@Elliot Vann For more reasons than I can probably fit in one response, cap rate really isn't the best metric to use for (a) residential investments (1-4 units) or (b) whether to know you're buying a good deal. You can always pick out newer investors by their use of cap rate. See below:
1. The fact is, cap rate isn't used widely in residential space (very common in 5+ commercial multifamily space) so frankly it's holds little use other than bragging on forums about a "9 cap you got in a 6 cap market". Thus, sellers & brokers/agents likely won't know how to interpret your desired going-in cap rate of 9%.

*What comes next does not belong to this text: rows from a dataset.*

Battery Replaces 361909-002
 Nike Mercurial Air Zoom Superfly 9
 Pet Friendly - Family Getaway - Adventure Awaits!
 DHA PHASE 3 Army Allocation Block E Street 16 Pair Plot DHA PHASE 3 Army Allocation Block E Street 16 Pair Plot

2. Nearly everyone calculates cap rate differently. With the same deal, ask 10 different investors and you'll likely get 10 different answers. For example, do you include Capex reserves in your cap calc? Did you include PM fee regardless of whether or not you plan to use it? Are you including General & Admin? What vacancy rate are you assuming? These are just a few of MANY assumptions that go into the NOI calculation.
3. Cap isn't a good measure of the return you'll receive especially since you use leverage (which is by design but often missed by most investors).
4. Cap rates are a point-in-time snapshot. They tell you next to nothing about how the property will perform. For example, would you rather buy a 6 cap that has way under market rents on the path of progress that you know you can push to a 9 cap OR would you rather buy a 7.5 cap that is in a non-appreciating but stable market and is charging market rents? Looking at the 6 vs. 9 cap tells you nothing about this trade-off.
In short, you should be running your numbers based on your desired return, point blank period. Choices of return may be IRR, cash-on-cash, avg annual return, equity multiple, or many more. All of these metrics tell you way more than any cap rate ever could.
**I hope none of the above comes off arrogant, I just see a lot of investors get tripped up by cap rate when they should be focused on more meaningful metrics. Hope this helps.